At Maya Insights, we have consistently advocated for this approach. All organizations showing their trust in us have the option to store all the data processed by our data model in their own cloud or local storages. Especially in the recent months, we have evangelized this scheme to the dozens of companies that have contacted us to backup their Universal Analytics (or “GA3”) data in view of its ultimate sunset on June 30th.
Step-by-Step Guide to Setting up a BigQuery Data Destination #
Setting up your destination involves three main steps:
- creating a service account to take on the data transition from the data source to your cloud,
- creating a dataset, and
- sharing the service account key with your external service provider
It is important to stress some administrative points before we start:
- First, in order to prevent any data storage limitations that come with the Free Tier of BigQuery, you need to setup a billing account. If you are using BigQuery exclusively to save static tables, like those our clients retrieve from backing up their UA data, then the ongoing cost will be virtually zero.

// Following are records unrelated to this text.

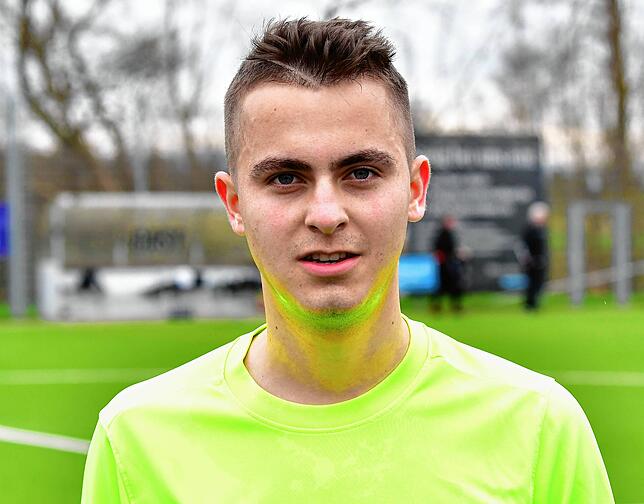 Valentino Colella (21) lebt in Wehr und begann mit fünf Jahren als Nachwuchskicker beim FC Wehr. Hier durchlief der Fan des SC Freiburg ...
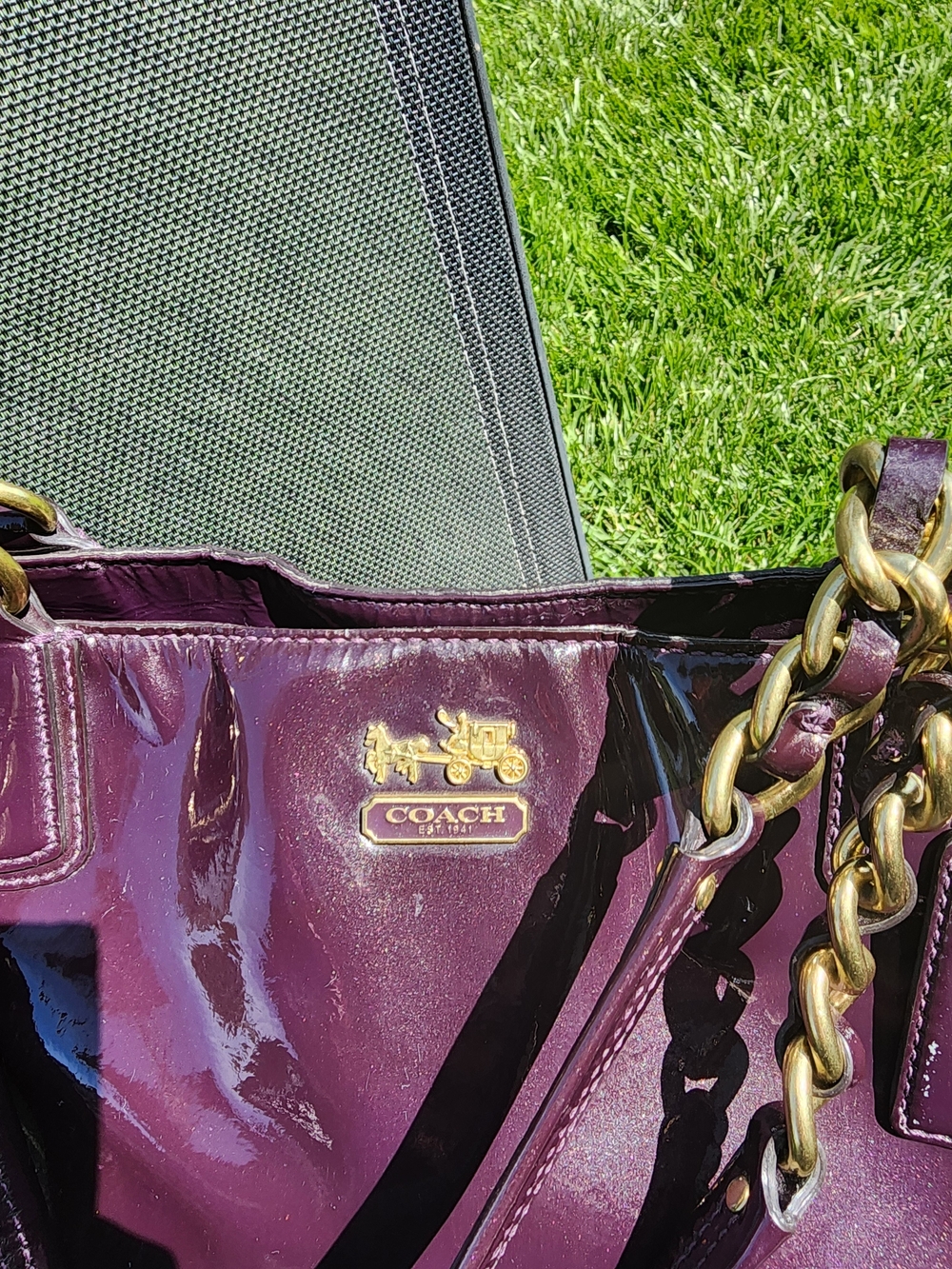 Coach Plum Purple Patent Leather Chain Tote Bag Leather Hangtag Gold Hardware - Picture 10 of 11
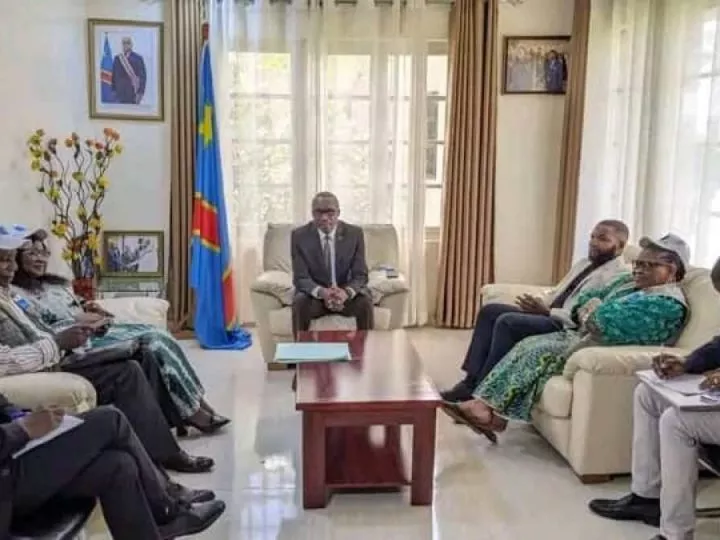 Sud-Kivu : Patricia Nseya échange avec le gouverneur intérimaire sur l’évolution du processus d’enrôlement des électeurs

- Moreover, you need to set the dataset id according to your service provider’s specifications. In our case, the naming convention we follow is prj_xxx_db, where “xxx” corresponds to an id assigned to your dataset by Maya’s internal servers.
- Before you begin, make sure your account has access to your organization’s Google Cloud project with at least Service Account Admin and BigQuery Admin rights.
Below are detailed instructions to help you through the process:
✅Step A: Create a Service Account: #
- Navigate to the “Service Accounts” page and click on “Create Service Account”
Note: If you do not have a BigQuery project, you will need to create one before proceeding. You can assign it a name of your choice.
- Fill in the Service Account Details by giving the account a service account name of your choice.
- Grant this service account access to the project: Assign it the roles of BigQuery Job User and BigQuery Read Session User.
- Grant users access to this service account: no specific input is required. Just click done.
- Back in the service account page, select your project, copy the service account email (i.e. column email) created to be used in the next step.
✅Step B: Using the navigation menu, go to BigQuery → BigQuery Studio #
Note: You may be prompted to enable the BigQuery API in order to proceed. If that’s the case, click on enable.
- In the “Explorer” panel, select the project in which you want to create your dataset.
- Expand the “More Actions” option and click “Create Dataset” (as shown below).
- In the “dataset_id” field, It is critical that you insert the dataset id designated by Maya. Select the region/multi-region where you want to save your data. That would -preferably- be somewhere close to your physical location or the location you already have your data stored in. Click on “Create Dataset”.
- Click on the created dataset on the Explorer panel. Click on Sharing → Permissions → Add Principal → Then add the service account email copied from step B4 on New principals field, with role BigQuery Admin, and click Save.
⚠️ Please note that once a data source is set, the destination can’t be altered.